Tuesday, October 13, 2015

Rik George writes



Lying on my bed

eating chocolate mummies

with peanut faces

as palm trees

on the Nile banks

glide past the cruiser’s

picture window,

I wonder if the fish

that ate the penis of Osiris

ever found another worm

so satisfying.
 
 

1 comment:

  1. Osiris was the god of the afterlife, the underworld, death, life, regeneration, and resurrection. Osiris was considered not only a merciful judge of the dead in the afterlife, but also the underworld agency that granted all life, including sprouting vegetation and the fertile flooding of the Nile River. His black-green skin symbolizes re-birth. Although sometimes considered to be the son of the sun god Ra, he was usually regarded as the oldest son of the earth god Geb, and the sky goddess Nut and the brother and husband of Isis, as well as the brother of Set, Nephthys, and the elder Horus; the younger Horus and perhaps Anubis were his children.

    According to Plutarch, Set and the Queen of Ethiopia conspired with 72 accomplices to assassinate Osiris.
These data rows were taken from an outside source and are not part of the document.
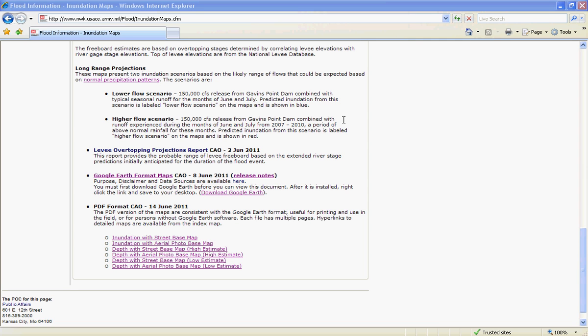Hello and welcome to the Kansas City District's Google Earth Tool. This video will provide instruction on the use of Google Earth with the June 2011 Flood Estimates data provided by the U.S. Army Corps of Engineers in the Kansas City District.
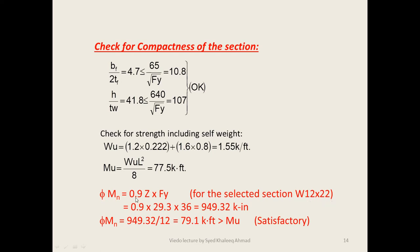We verify the adequacy of the W12×22 section: phi_b times Mn equals 0.9 times Zx times Fy equals 0.9 × 29.3 × 36, giving a value in kip-in that converts to 79.1 kip-ft.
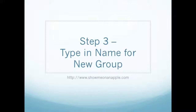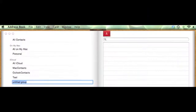Step 3: go ahead and type in the name for the new group on the next screen. As you see, the new group is labeled Untitled Group. You can type in any name that you want for the new contact group.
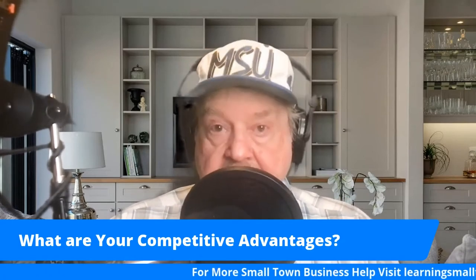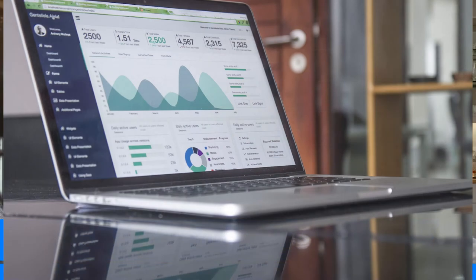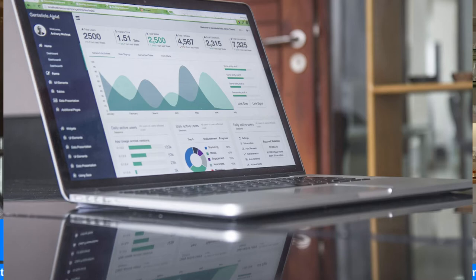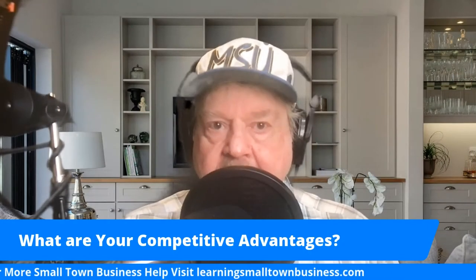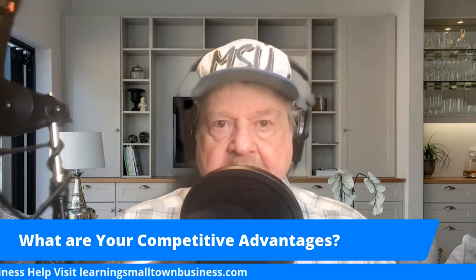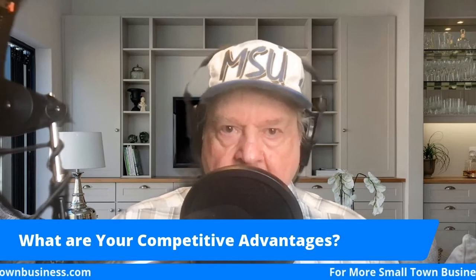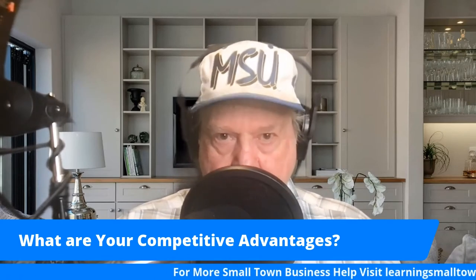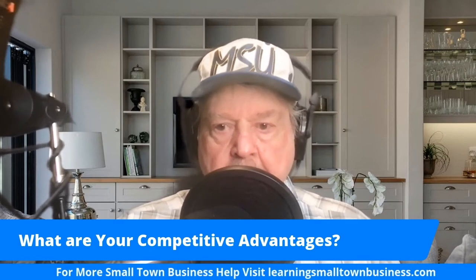Next, we need to talk about your competitive advantages — what makes your business different from the one across the street or in the next town? Are you open more hours? Do you deliver when they don't? Look at your competitors' advertising and how they do business, and identify the advantages you offer that they don't. Writing those out gives you direction on how to focus your business away from your competitors, and we'll talk about positioning down the road.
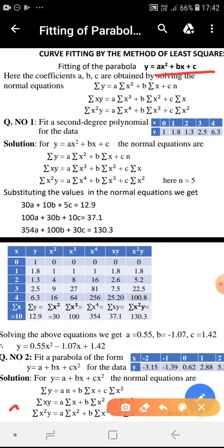Similarly, the second equation is obtained by attaching sigma x to each term of both sides of the equation y equal to ax square plus bx plus c. So the second equation will be sigma xy equal to a into sigma x cube plus b into sigma x square plus c into sigma x.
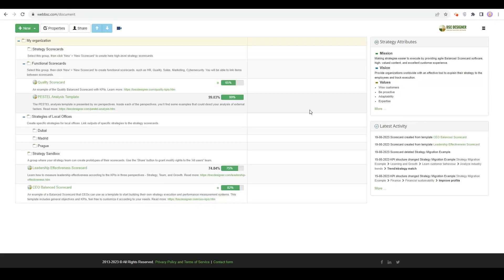Greetings from the BSC Designer team. In the previous tutorial, we discussed how to do the initial setup of an account. Now, it's time to invite members of your strategy team to join BSC Designer.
He was fooled into getting into a box, which Set then closed, sealed with lead, and threw into the Nile. Isis found him embedded in a tamarind tree trunk which was holding up the roof of a palace in Byblos on the Phoenician coast. She managed to remove the coffin and open it, but Osiris was already dead, but she used one of Geb's spells to resuscitate him and fashioned for him a golden phalllus. After impregnating her he died again and she hid his body in the desert. Months later, she gave birth to Horus. One night while hunting, Set came across the body of Osiris; enraged, he tore the body into fourteen pieces and scattered the parts throughout the land. Isis gathered up all the parts of the body, except the penis (which had been eaten by a catfish or a crab) and bandaged them together for a proper burial. The gods were impressed by the devotion of Isis and resurrected Osiris as the god of the underworld.
    Set and Horus engaged in many battles to avenge Osiris and to determine the rightful ruler of Egypt. During the war, Set lost a testicle, which is why the desert is infertile. But Horus lost his left eye; part of Khonsu the moon god was used to forge a new one; and so the sun, the right eye of Horus, is brighter than the moon. In one of these struggles Set tried to seduce Horus in order to establish his dominance, but Horus put his hand between his thighs, caught Set's semen, and threw it in the river. Horus then spread his own semen on Set's favorite food. After Set ate the lettuce, the two went to the other gods to settle their argument, which had gone on for 80 years. Set claimed to have gained dominance over Horus and called forth his semen as proof, but the semen answered from the river, invalidating his claim. Then Horus claimed that he had domination over Set and called his semen forth, which answered from inside Set. However, Set still refused to relent, and so the matter was to be settled by a race in boats made of stone. Seti's stone boat sank in the race, but Horus' boat did not because it was actually made of wood but painted to look like stone. Geb, as judge, to end the dispute, apportioned the realm between them but then reversed himself and gave sole control to Horus.